Banks were among the earliest adopters of information technology in the business world. They embraced the benefits of computers almost from the birth of the high-tech industry.
Concurrent with the industry's increased reliance on technology has been the birth and evolution of another industry - the disaster recovery industry. The Automated Clearinghouse Association was formed by seven Philadelphia-based banks in the mid-1970s for the sole purpose of confronting the issue of how banks should manage data recovery if their computer systems go down. From the formation of this group came the start of the disaster recovery industry in 1978 by SunGard Recovery Services.
In 1983, the federal government stepped in to mandate that banks develop and maintain disaster recovery plans.
These events show why it is no overstatement to say that the banking industry spawned today's multibillion dollar recovery industry. And the sophisticated needs of the banking community continue to drive the evolution of disaster recovery.
In this article, I explore what the banking industry's specific disaster recovery needs are and explain some state-of-the-art recovery solutions that have emerged as a direct outgrowth of those needs.
Planning is Critical
A proactive approach is critical to banks. Planning is vital to disaster recovery because the primary objective is to avoid problems before they occur.
The importance of this planning became painfully evident during the World Trade Center bombing in 1993. Two-thirds of the companies located in the center were caught without a solid recovery plan. This fact illustrates that despite increased consciousness of the need for disaster planning, plenty of room for improvement exists.
Most of the 170 disaster recoveries that SunGard has supported since 1978 have taken place in the last 10 years. Of those recoveries, 45 were for banks. One of our most recent banking industry recoveries took place last spring in Grand Forks, N. D. when the Grand Forks Community National Bank found its data center under water as a result of massive flooding that struck the region.

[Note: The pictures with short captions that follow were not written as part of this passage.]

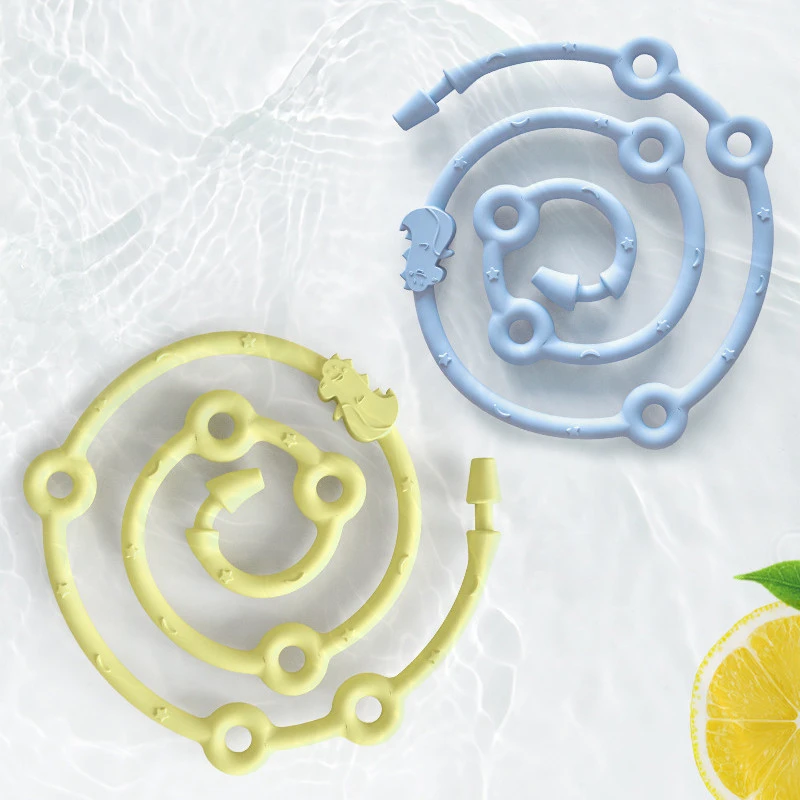 Pacifier Chain For Baby Silicone Comfort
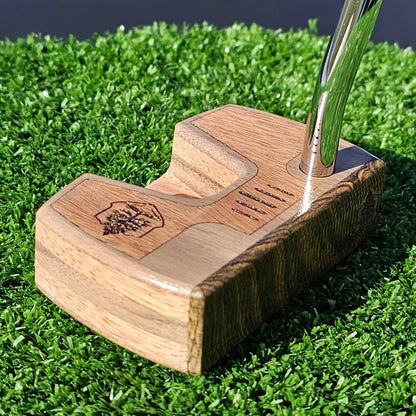 Walnut wood Mahogany Lacewood Woodrich Regal wood putter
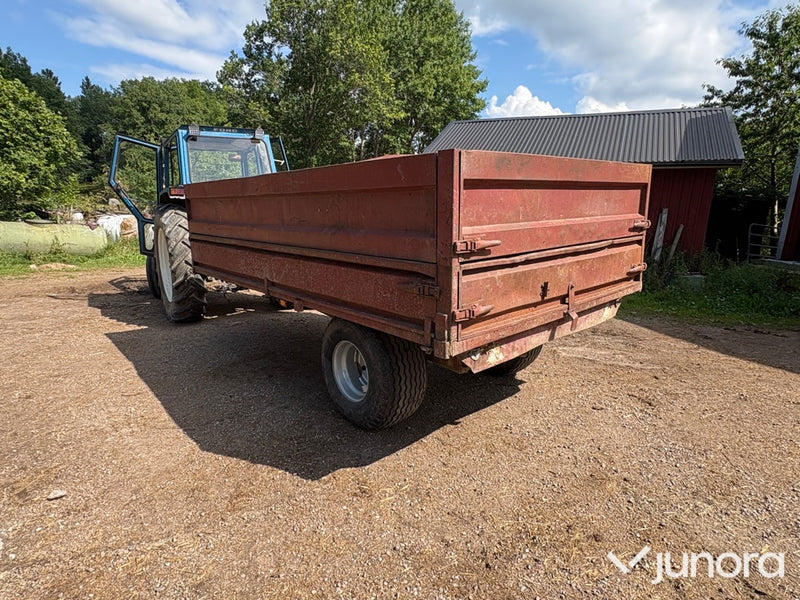 Tippvagn - Trava 5 ton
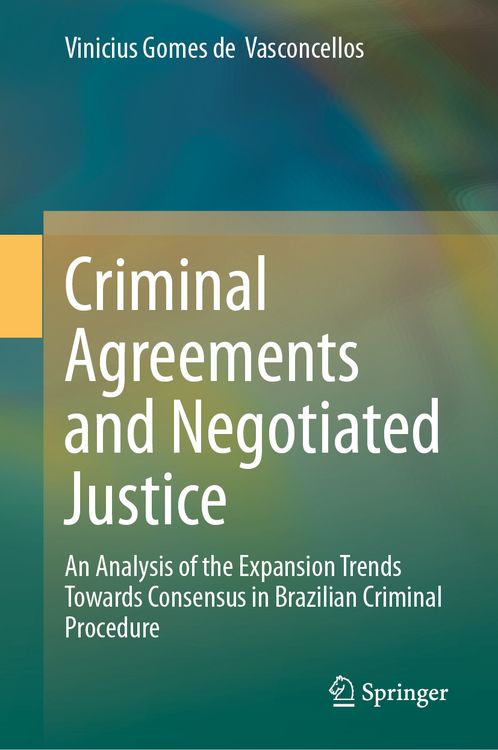 Produktbild: Criminal Agreements and Negotiated Justice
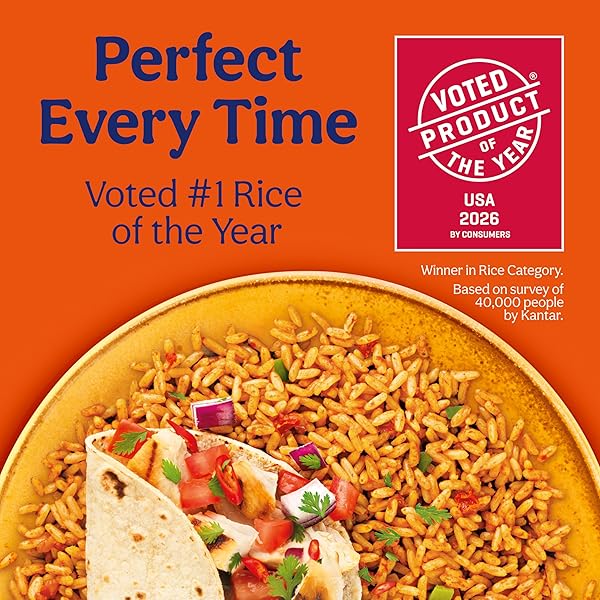 BEN’S ORIGINAL SPANISH STYLE RICE SINGLE SERVE CUP, SNACK OR SIDE, MICROWAVE IN 3.5 MINUTES, 2.4 OZ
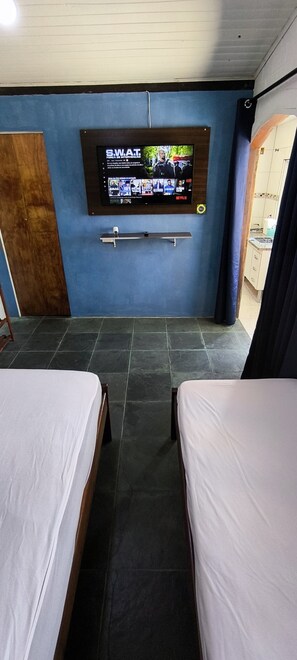 1 chambre, Wi-Fi, draps fournis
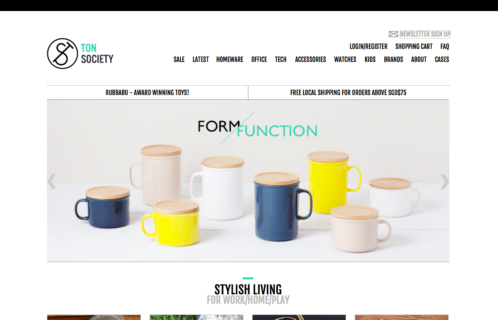 singapore website designer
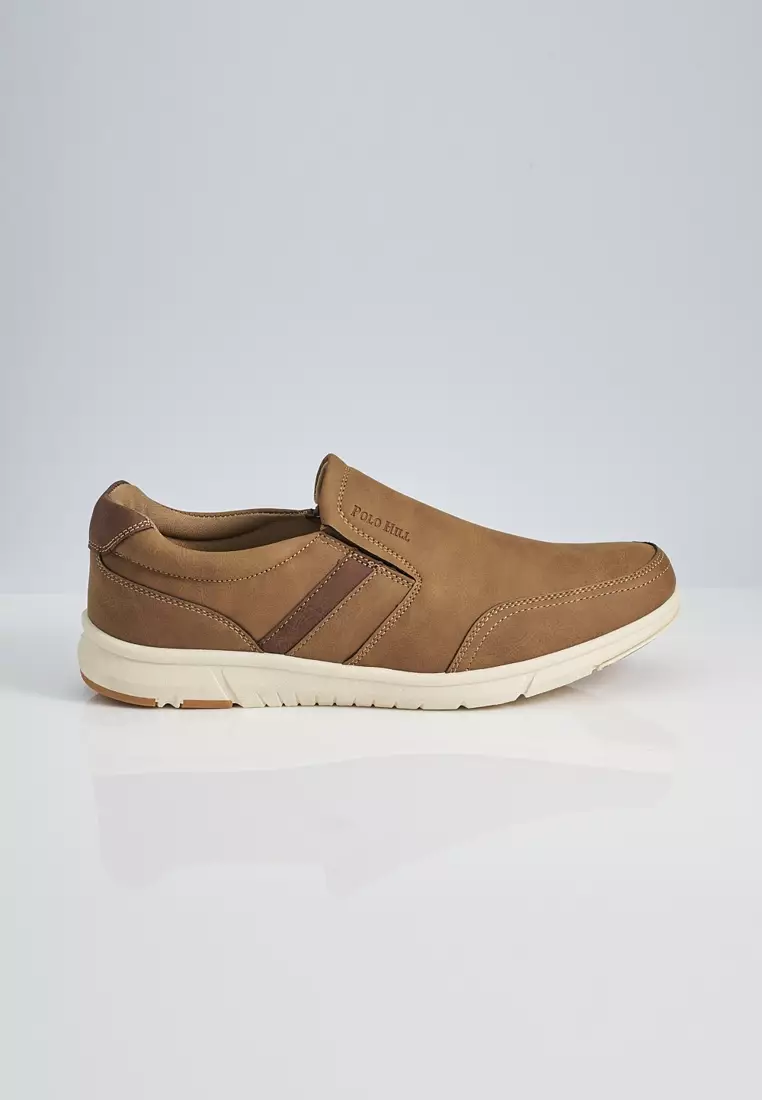 Discount on Polo Hill  shoes - SKU: Polo Hill Men Slip On Comfort Shoes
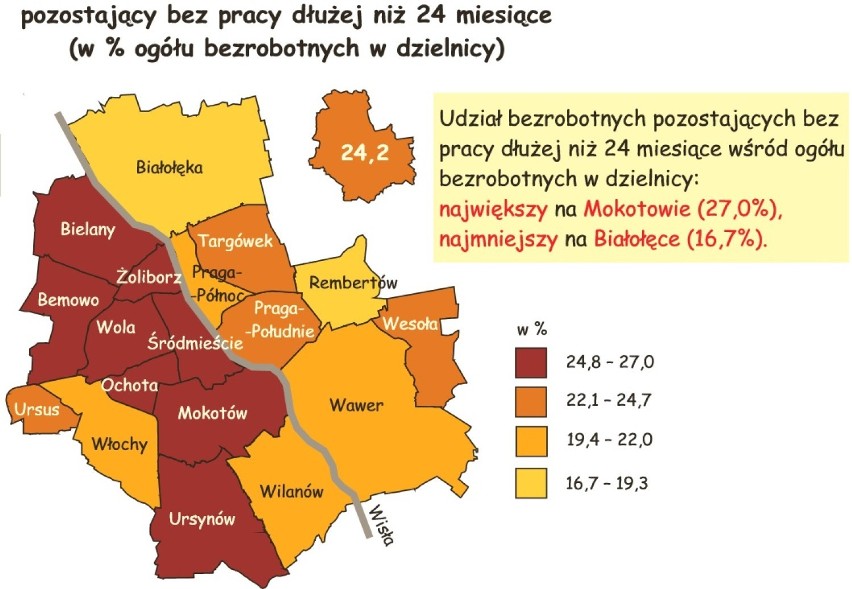 Statystyczny bezrobotny w Warszawie. Zobacz komu najtrudniej znaleźć pracę w stolicy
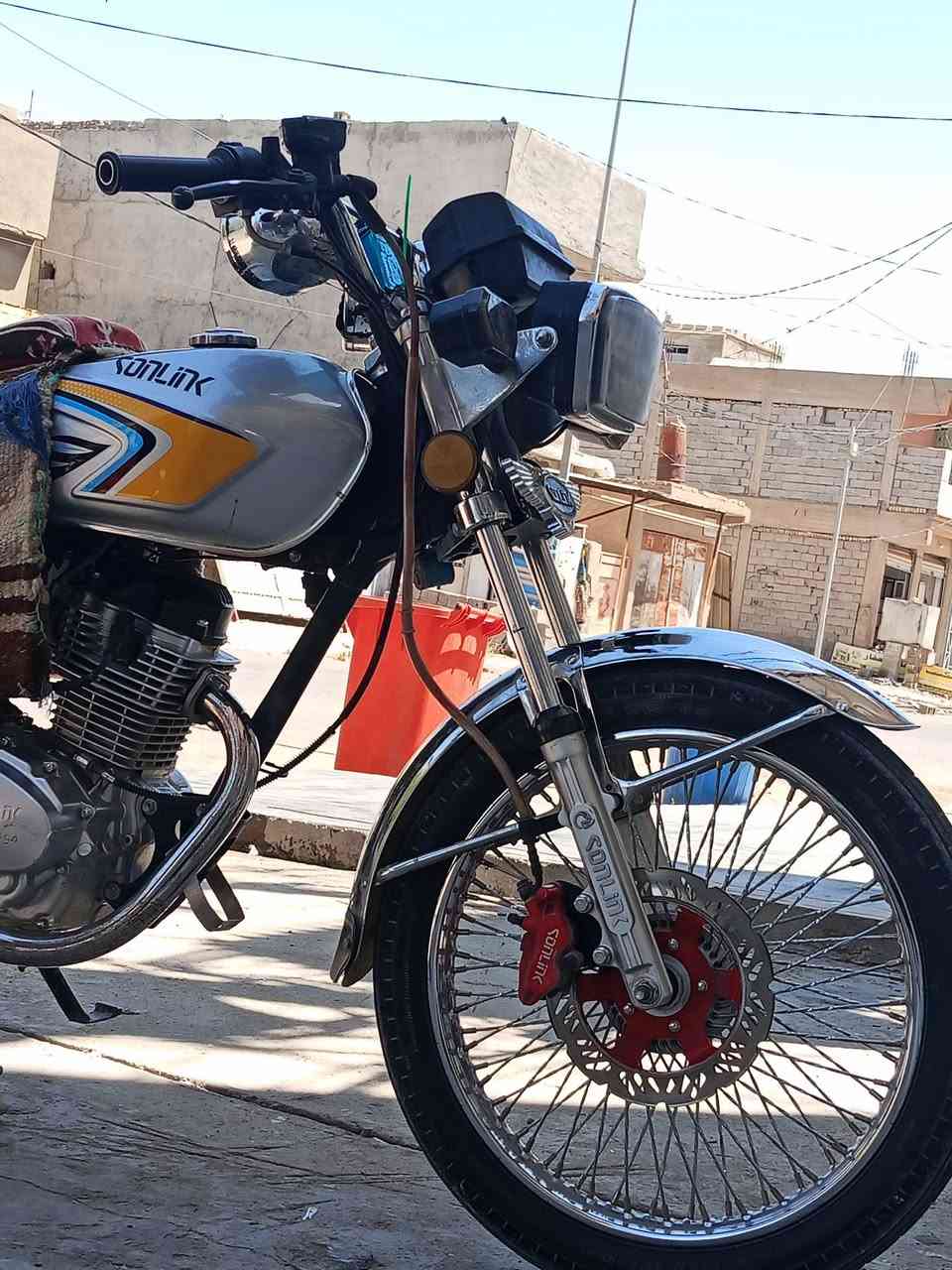 دراجه، 24 شكل25البيع مكاني ديالى بلدروز
السعر خاص او التصال ‏‪***********‬‏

We deployed our mobile data center within 48 hours of receiving the disaster declaration from the bank, and bank employees resumed computer operations out of the SunGard data center during the next two months, until their own data center was operative.
Banks - Greater Exposure at Time of Disaster
Disaster recovery is of particular importance for the banks in a locality hit by crisis - more so than other businesses - because their services are in great demand during times of community disaster. The average bank is multi-platformed, with multiple locations and varied operations and computer applications.
Mergers and acquisitions, along with increasingly sophisticated technology, have complicated banks' situation. Mergers and acquisitions have caused banks to inherit more varied applications. Typically, banks run 20 to 30 critical applications simultaneously and when organizations merge or are acquired, this number may double. Also, many banks' operations are becoming decentralized as financial institutions expand their reach beyond the back office into satellite locations. Yet banks also continue to rely heavily on paper, especially at the branch level.
What happens to these decentralized operations and manifold applications if a bank experiences a disaster? What happens to the many paper transactions in branches that have not entered the central system? Whether its the World Trade Center bombing, Midwestern floods or simply a local crisis, the reality remains the same - disasters can disrupt critical business operations significantly for weeks and sometimes months. Thorough preparation can shorten recovery time dramatically and keep banking operations ongoing.
As most bank security officers know, banks must think first about their employees when developing disaster recovery plans.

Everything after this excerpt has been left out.